##### DATASET RECORDS

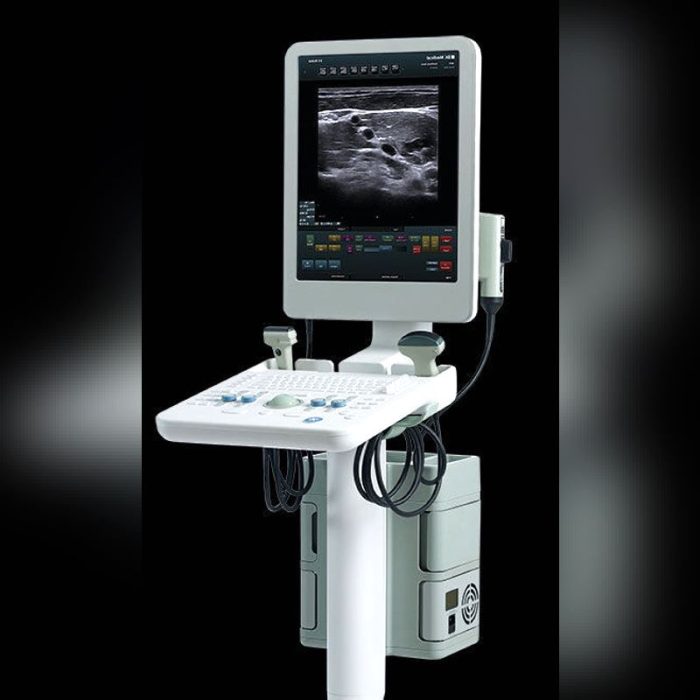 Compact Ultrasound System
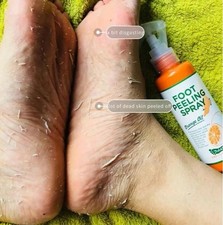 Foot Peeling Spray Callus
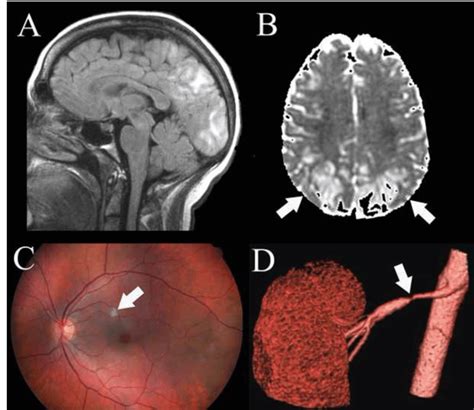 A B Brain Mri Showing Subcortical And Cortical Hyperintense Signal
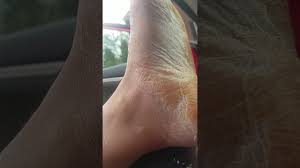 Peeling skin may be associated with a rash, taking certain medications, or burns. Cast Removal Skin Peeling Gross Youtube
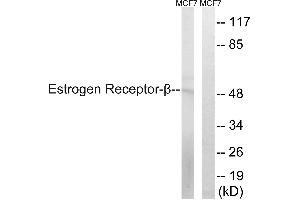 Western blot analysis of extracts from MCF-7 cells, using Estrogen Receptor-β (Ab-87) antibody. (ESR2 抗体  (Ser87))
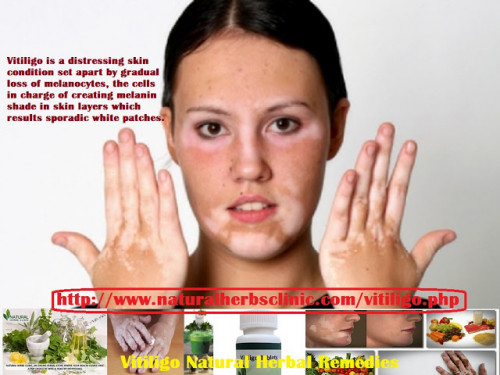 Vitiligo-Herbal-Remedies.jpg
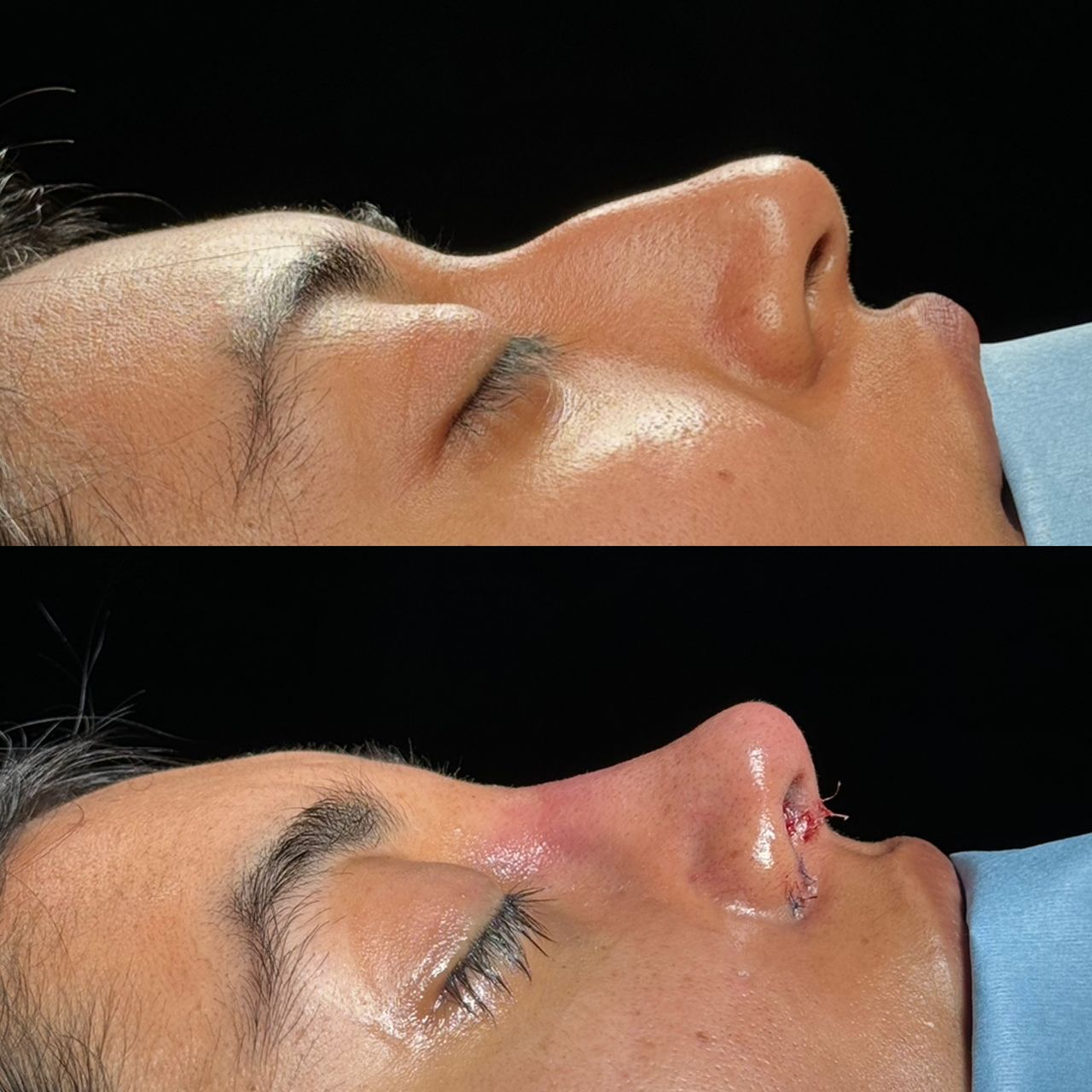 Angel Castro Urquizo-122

##########
##### DATASET RECORDS

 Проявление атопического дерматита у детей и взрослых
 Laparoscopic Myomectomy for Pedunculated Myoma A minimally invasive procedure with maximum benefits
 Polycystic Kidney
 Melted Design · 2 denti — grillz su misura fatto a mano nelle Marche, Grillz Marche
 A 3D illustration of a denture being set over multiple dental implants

##########
##### DATASET RECORDS

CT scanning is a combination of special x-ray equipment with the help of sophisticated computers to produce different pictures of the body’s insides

##########

TO DO:
Output exactly the lines above, beginning at the one with "Peeling skin may" and stopping after the one with "Angel Castro Urquizo-122". Pictures are to be omitted.

TASK RESPONSE:
 Peeling skin may be associated with a rash, taking certain medications, or burns. Cast Removal Skin Peeling Gross Youtube
 Western blot analysis of extracts from MCF-7 cells, using Estrogen Receptor-β (Ab-87) antibody. (ESR2 抗体  (Ser87))
 Vitiligo-Herbal-Remedies.jpg
 Angel Castro Urquizo-122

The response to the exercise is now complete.